Facundo Roncaglia

Personal information
- Full name: Facundo Sebastián Roncaglia
- Date of birth: 10 February 1987 (age 39)
- Place of birth: Chajarí, Argentina
- Height: 1.79 m (5 ft 10 in)
- Position: Defender

Team information
- Current team: San Telmo

Youth career
- Boca Juniors

Senior career*
- Years: Team / Apps / (Gls)
- 2007–2012: Boca Juniors / 88 / (6)
- 2009–2010: → Espanyol (loan) / 21 / (0)
- 2010–2011: → Estudiantes (loan) / 25 / (0)
- 2012–2016: Fiorentina / 67 / (4)
- 2014–2015: → Genoa (loan) / 32 / (0)
- 2016–2019: Celta / 64 / (2)
- 2019: → Valencia (loan) / 7 / (0)
- 2019–2021: Osasuna / 33 / (2)
- 2021–2022: Aris Limassol / 17 / (0)
- 2022–2024: Boca Juniors / 28 / (0)
- 2024–2026: Sarmiento / 34 / (0)
- 2026–: San Telmo / 8 / (1)

International career
- 2013–2017: Argentina / 14 / (0)

= Facundo Roncaglia =

Argentine footballer (born 1987)

Facundo Sebastián Roncaglia (/es/; /it/; born 10 February 1987) is an Argentine professional footballer who plays for Primera Nacional club San Telmo. Mainly a central defender, he can also play as a right-back.

==Club career==
Born in Chajarí, Entre Ríos Province of Italian descent, Roncaglia made his professional debut with Boca Juniors, his first Primera División match being on 21 October 2007 in a 1–1 draw against Estudiantes de La Plata. He helped the capital club win the 2008 Apertura.

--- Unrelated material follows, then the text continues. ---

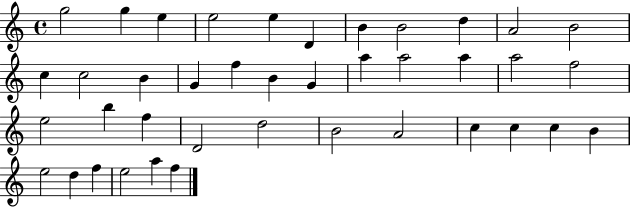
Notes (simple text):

G5/h G5/q E5/q E5/h E5/q D4/q B4/q B4/h D5/q A4/h B4/h C5/q C5/h B4/q G4/q F5/q B4/q G4/q A5/q A5/h A5/q A5/h F5/h E5/h B5/q F5/q D4/h D5/h B4/h A4/h C5/q C5/q C5/q B4/q E5/h D5/q F5/q E5/h A5/q F5/q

On 27 July 2009, Roncaglia signed with La Liga side RCD Espanyol on loan, being part of a squad that also featured five compatriots, including manager Mauricio Pochettino and former Boca teammate Juan Forlín. He returned to his previous team at the end of the season, only to move to Estudiantes immediately on loan.

Roncaglia left Boca in July 2012 as a free agent, having scored in the first leg of the 2012 Copa Libertadores final against SC Corinthians Paulista the previous month (1–1 home draw, 3–1 aggregate loss). He joined ACF Fiorentina from Italy immediately after, going on to appear in an average of 22 Serie A matches during his spell and also being loaned to Genoa CFC in the same league.

On 12 July 2016, Roncaglia returned to Spanish football after agreeing to a four-year deal at RC Celta de Vigo. On 11 May 2017, he headed home in a 1–1 away draw against Manchester United in the second leg of the semi-finals of the UEFA Europa League, but was also sent off following a spat with Eric Bailly and his team was ousted 2–1 on aggregate.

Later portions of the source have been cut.